WHAT YOU SHOULD DO
Could every line of the listing be output exactly, with the pictures skipped?

DATASET EXCERPT
● ● ● ● ● ● ●
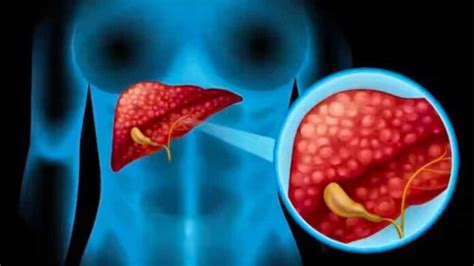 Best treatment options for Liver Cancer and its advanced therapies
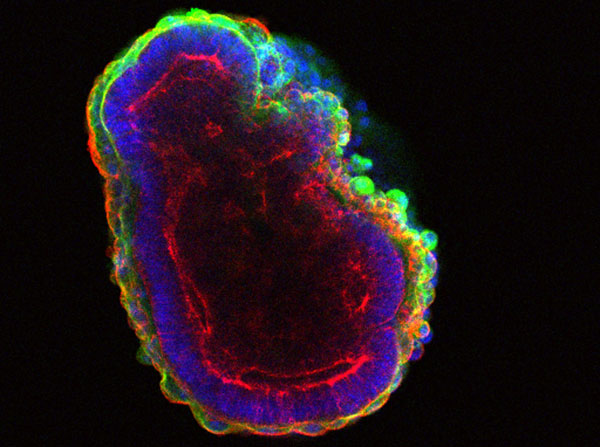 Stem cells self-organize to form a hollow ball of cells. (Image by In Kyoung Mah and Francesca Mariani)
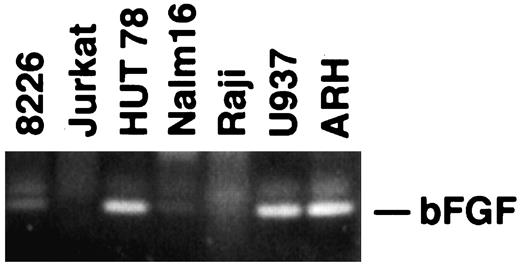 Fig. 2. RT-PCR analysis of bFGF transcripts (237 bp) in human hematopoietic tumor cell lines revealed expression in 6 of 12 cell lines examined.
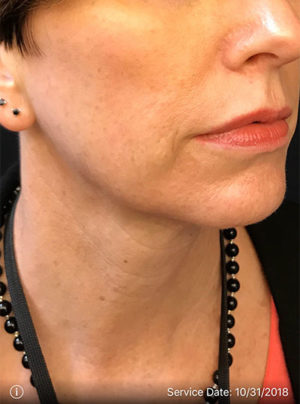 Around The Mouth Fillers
● ● ● ● ● ● ●
EXERCISE ANSWER
 Best treatment options for Liver Cancer and its advanced therapies
 Stem cells self-organize to form a hollow ball of cells. (Image by In Kyoung Mah and Francesca Mariani)
 Fig. 2. RT-PCR analysis of bFGF transcripts (237 bp) in human hematopoietic tumor cell lines revealed expression in 6 of 12 cell lines examined.
 Around The Mouth Fillers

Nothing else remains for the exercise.